Running in GitHub Actions

The next step for me was to set up some automation to make sure that my test script was run whenever I made any change to the crate. Because my project was already hosted on GitHub, I decided to go with GitHub Actions. I was a bit worried that I would have had to struggle to make it work because my script works by stealing the kernel from the host, and I thought that the GitHub runners could have some protections in place to prevent me from reading the kernel. To my surprise, there were no such restrictions. In fact, I did not have to modify a single line of code to make my tests work in GitHub Actions: check out the workflow file if you’re curious.

Result

In the end, the test suite was able to reproduce the issue with btrfs and anonymous temporary files, as well as show that the fix was working as intended.
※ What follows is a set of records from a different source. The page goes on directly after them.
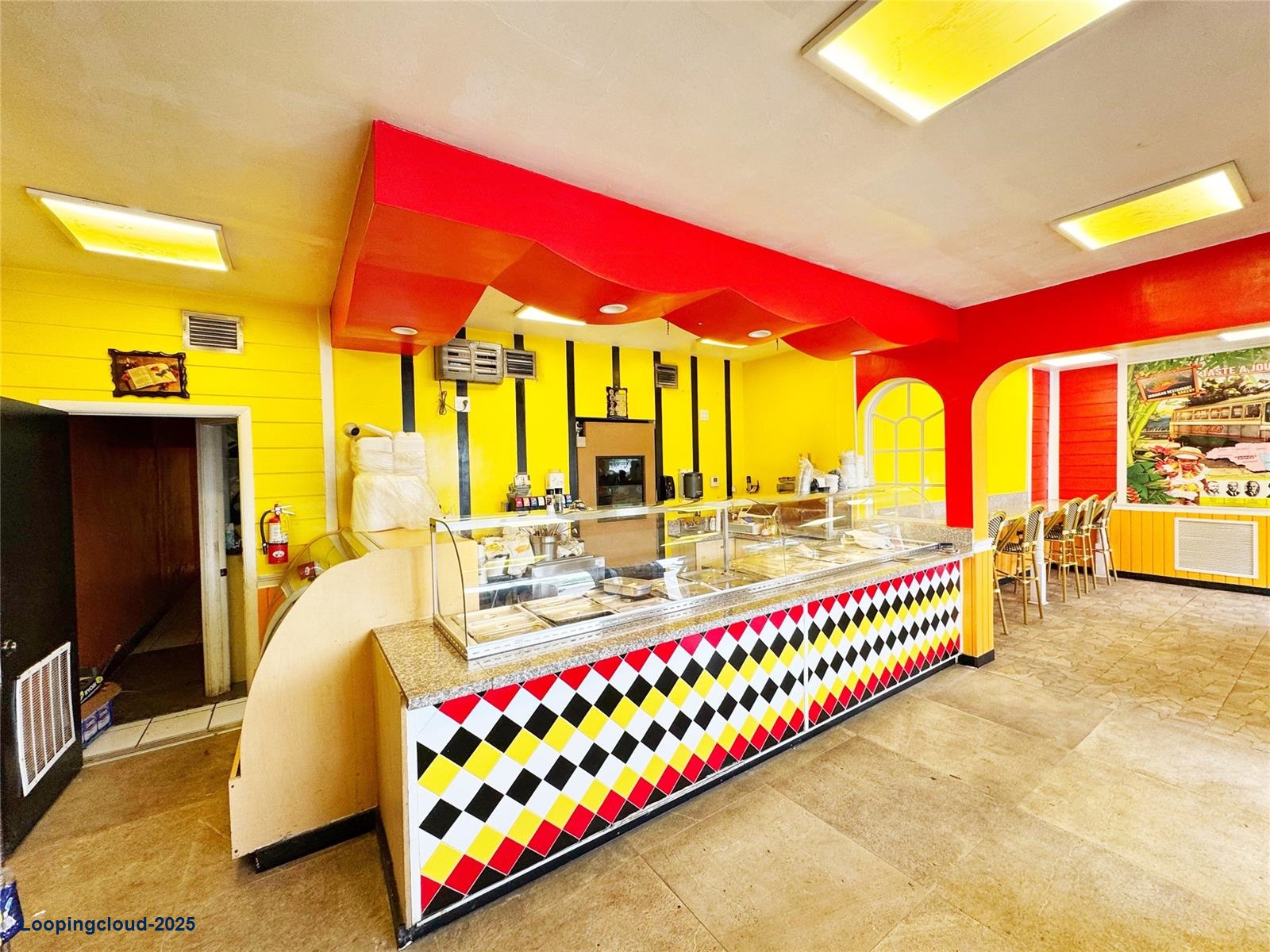 Great Restaurant Space for Lease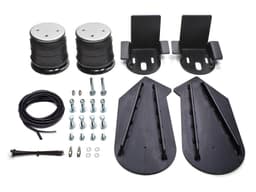 Airbag Man Air Suspension Helper Kit for Leaf Springs
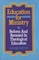 Education for Ministry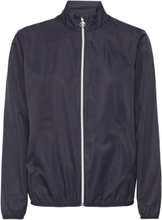 Mia Wind Jacket Outerwear Sport Jackets Marineblå Daily Sports*Betinget Tilbud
This is what it looks like (output in the screenshot was trimmed down a bit):

Output showing a failure from the test suite
Output from the run-test.sh script before applying the fix, showing a failure.
Output showing a success from the test suite
Output from the run-test.sh script after applying the fix, showing a success.

Future

I’m pretty satisfied with the general approach of running in a virtual machine and simulating a crash, but the implementation has a huge limitation: because it steals the kernel from the host, it cannot simulate crashes on other kernels, operating systems, or platforms.

I think in the future I’m going to take a look at cross-rs, a cross-platform tool for Rust crates. Cross-rs works kinda in a similar way as my test suite, in that it uses QEMU emulation to run tests. Maybe I can reuse their QEMU images and tweak them to run my crash tests. If that is feasible, then I will be able to extend my test suite to all major platforms and operating systems.